The board met Nov. 22 via conference call to consider information given it by a group of communicants in the diocese.

Under Title IV, Canon 16, a bishop is deemed to have abandoned the communion of the Episcopal Church by an open renunciation of the doctrine, discipline or worship of the church; by formal admission into any religious body not in communion with the church; or by exercising episcopal acts in and for a religious body other than the church or another church in communion with the church.

"Applied strictly to the information under study, none of these three provisions was deemed applicable by a majority of the board," Henderson said in his statement.

In the Nov. 28 statement, Henderson said that the disciplinary board faced what he called a "basic question" of "whether actions by conventions of the Diocese of South Carolina, though they seem -- I repeat, seem -- to be pointing toward abandonment of the church and its discipline by the diocese, and even though supported by the bishop, constitute abandonment by the bishop."

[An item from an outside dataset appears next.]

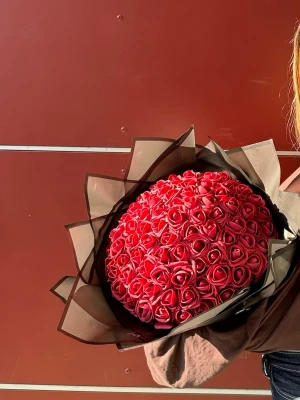 Stor bukett med röda rosor och vita i mitten - En bukett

"A majority of the members of the board was unable to conclude that they do," Henderson said.

Henderson, the retired bishop of Upper South Carolina, noted that it is "significant that Bishop Lawrence has repeatedly stated that he does not intend to lead the diocese out of the Episcopal Church -- that he only seeks a safe place within the church to live the Christian faith as that diocese perceives it."

"I speak for myself only at this point, that I presently take the bishop at his word, and hope that the safety he seeks for the apparent majority in his diocese within the larger church will become the model for safety -- a "safe place" -- for those under his episcopal care who do not agree with the actions of South Carolina's convention and/or his position on some of the issues of the church."

Lawrence told the diocese Oct. 5 that he was being investigated for abandonment. Presiding Bishop Katharine Jefferts Schori and the House of Bishops were not involved in making the claims, Henderson said at the time via a "fact sheet."

The package of documents alleging his abandonment of the church that Lawrence said he received Sept. 29 from Henderson, is posted here on the diocese's website. The documents contained 12 allegations of when Lawrence's "actions and inactions" sought to abandon the doctrine, discipline and worship of the Episcopal Church.

Those allegations cited five specific diocesan convention resolutions that Lawrence supported. In addition, the allegations also claimed that Lawrence has removed all references to the Episcopal Church from the diocesan website and noted that half of the congregations with working website have done the same or offer links to breakaway Anglican organizations.

"The bishop appears to have done nothing to stop other parishes which are outwardly moving in the direction of withdrawal" from the Episcopal Church, including parishes that have sought or obtained legal advice on those moves, allegation seven said.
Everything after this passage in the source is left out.